New Zealand is one of the most beautiful countries in the world, but it is also a country full of culture and adventure. In this article, we'll list seven must-dos in New Zealand, from soaking up the sights of the Fjordland National Park to heart-pounding adventure activities like jet boating or bungee jumping.
Famous as New Zealand's geothermal wonderland, Rotorua is known for its hot springs and geysers that continue to draw travellers from all over the world. Situated on Lake Rotorua towards the centre of the North Island, visitors will see natural eruptions of steam, hot water and mud all around. Rotorua is in the centre of the Taupo Volcanic Zone -- named after Lake Taupo, the biggest volcano in the region.
2. Bay of Islands
When the first European settlers arrived in New Zealand, it was at the Bay of Islands in the far north of the North Island. It was here that they first clashed with the native Maori before the Treaty of Waitangi was signed. These days, the Bay of Islands is a land rich in history, but also famous for its sub-tropical climate, beaches and nature walks.
3. Visit the Fjordland
Home of Milford Sound and Doubtful Sound, as well as some of NZ's greatest walks (in fact, they're known as the Great Walks) including Milford Track, Kepler Tracks and Routeburn Track, the Fjordland National Park is a rare wonder. World heritage listed and one of the most significant sightseeing destinations in the world, it's a must-see for anyone visiting New Zealand. You'll find the Fjordland National Park in the south-west region of the South Island.

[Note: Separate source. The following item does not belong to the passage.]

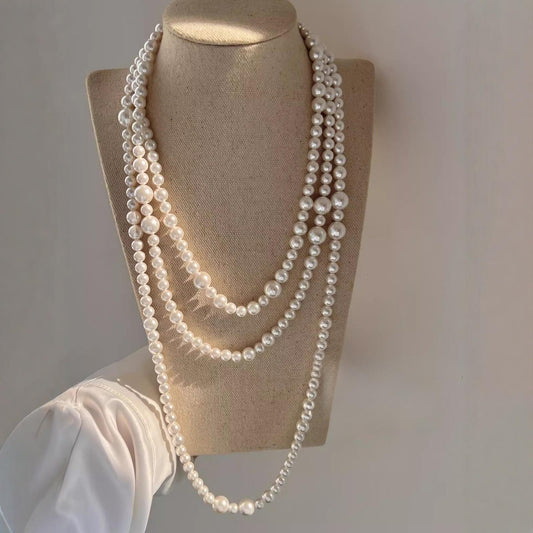 160cm Mother-of-Pearl Necklace – Long, Affordable Luxury Sweater Chain for Fall & Winter, Multi-Layered Stacking Design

4. Kaikoura Whale Watching
Famous for its whale watching, the Kaikoura Peninsula is located almost 200 kilometres north of Christchurch. This is all thanks to Kaikoura's stunning natural features, with the sea bed just off its shores dropping away sharply to create waters up to a kilometre in depth, attracting sea mammals of all varieties. Head here and you can catch enormous sperm whales, migratory humpbacks and orca roaming the waters amongst each other.
5. The Moeraki Boulders
Head to the eastern edge of South Island -- about 75km north of Dunedin -- and you'll find large, naturally formed boulders submerged partially in the sand These are known as the Moeraki Boulders, strange natural features whose smooth, rocky outers belie the fact that they have centres of honeycomb.
Whether you're visiting in winter or summer, Queenstown is the adventure capital of New Zealand. Perhaps most famous for its stunning mountain peaks which receive their fair share of snow for skiers and snowboarders come the winter months, Queenstown is also the location of great adventure activities during the summer. If you're after somewhere a bit more low-key, but still capable of offering plenty of snow and adventure, check out Wanaka, about an hour's drive north of Queenstown.
7. Check Out Auckland
It's New Zealand's biggest city and one of the most beautiful harbourside destinations in the world, so you'd be crazy not to see all it has to offer. From experiencing the restaurants and night life of the Viaduct Basin and Ponsonby Road to the natural beauty of the Waitemata Harbour and Rangitoto Island, there's so much to do. If you're keen for some adrenaline-pumping adventure action, try leaping off the southern hemisphere's tallest building with the fun (and completely safe) SkyJump, or jump on an NZ jet boat and explore the harbour at breakneck speeds.